The primary difference between converged infrastructure and hyperconverged infrastructure is that in HCI both the storage area network and the underlying storage abstractions[clarification needed] are implemented virtually in software (at or via the hypervisor) rather than physically in hardware.[1][2] Because software-defined elements are implemented in the context of the hypervisor, management of all resources can be federated (shared) across all instances of a hyper-converged infrastructure.
Design
Hyperconvergence evolves away from discrete, software-defined systems that are connected and packaged together toward a purely software-defined environment where all functional elements run on commercial, off-the-shelf (COTS) servers, with the convergence of elements enabled by a hypervisor.[3][4] HCI systems are usually made up of server systems equipped with direct-attached storage.[5] HCI includes the ability to pool like systems together.[6][7] All physical data-center resources reside on a single administrative platform for both hardware and software layers.[8]

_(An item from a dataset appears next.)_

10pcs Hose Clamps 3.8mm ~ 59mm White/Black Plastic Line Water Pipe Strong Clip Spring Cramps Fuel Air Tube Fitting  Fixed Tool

Consolidation of all functional elements at the hypervisor level, together with federated identity management, was promoted to improve data-center inefficiencies and reduce the total cost of ownership (TCO) for data centers.[9][need quotation to verify][10][11]
The potential impact of the hyper-converged infrastructure is that companies will no longer need to rely on different compute and storage systems, though it is still too early to prove that it can replace storage arrays in all market segments.[12] It is likely to further simplify management and increase resource-utilization rates where it does apply.[13][14][15]